____ ENTRIES SHOWN
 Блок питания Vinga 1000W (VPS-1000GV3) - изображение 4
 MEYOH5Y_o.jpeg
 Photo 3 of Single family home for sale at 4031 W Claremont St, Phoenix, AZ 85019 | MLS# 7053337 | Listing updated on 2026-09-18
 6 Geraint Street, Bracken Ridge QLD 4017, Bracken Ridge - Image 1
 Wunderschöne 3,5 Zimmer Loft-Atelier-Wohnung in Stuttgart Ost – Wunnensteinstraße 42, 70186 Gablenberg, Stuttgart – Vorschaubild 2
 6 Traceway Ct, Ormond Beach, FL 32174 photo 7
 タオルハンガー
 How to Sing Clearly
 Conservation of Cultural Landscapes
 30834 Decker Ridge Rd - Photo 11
________
____ ENTRIES SHOWN
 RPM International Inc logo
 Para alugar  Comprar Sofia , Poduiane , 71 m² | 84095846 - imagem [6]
________
____ ENTRIES SHOWN
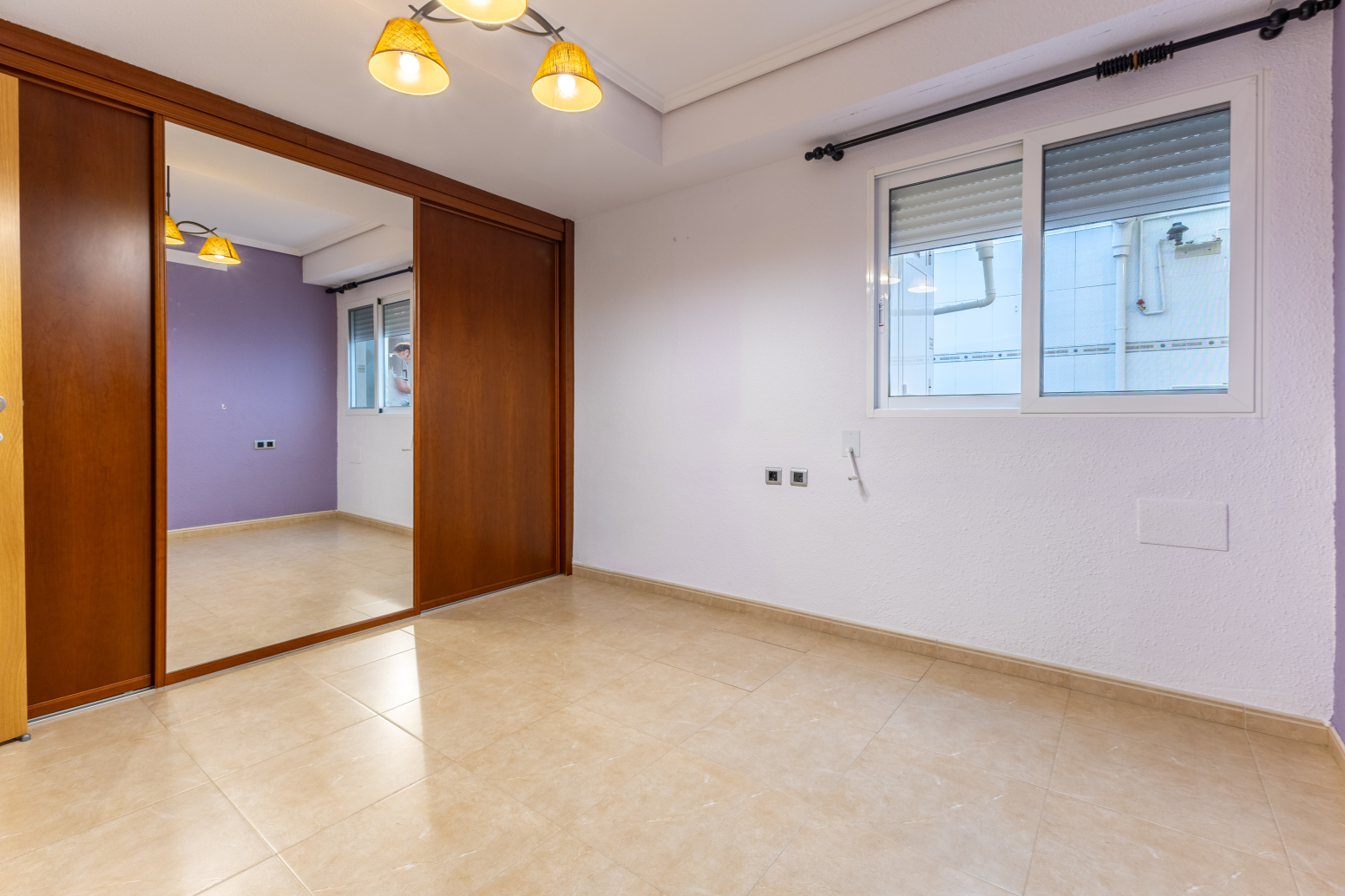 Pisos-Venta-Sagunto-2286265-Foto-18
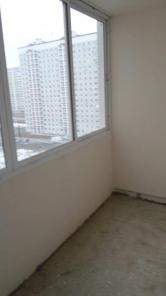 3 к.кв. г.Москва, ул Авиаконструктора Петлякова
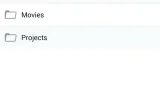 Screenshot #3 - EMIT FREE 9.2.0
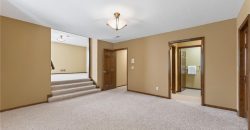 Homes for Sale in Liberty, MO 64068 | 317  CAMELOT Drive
________
▶ BRIEF: A word-for-word reproduction is needed of the lines above from the line containing "3 к.кв. г.Москва, ул" through the line containing "Homes for Sale", with both ends kept and no pictures.

▶ SOLUTION:
 3 к.кв. г.Москва, ул Авиаконструктора Петлякова
 Screenshot #3 - EMIT FREE 9.2.0
 Homes for Sale in Liberty, MO 64068 | 317  CAMELOT Drive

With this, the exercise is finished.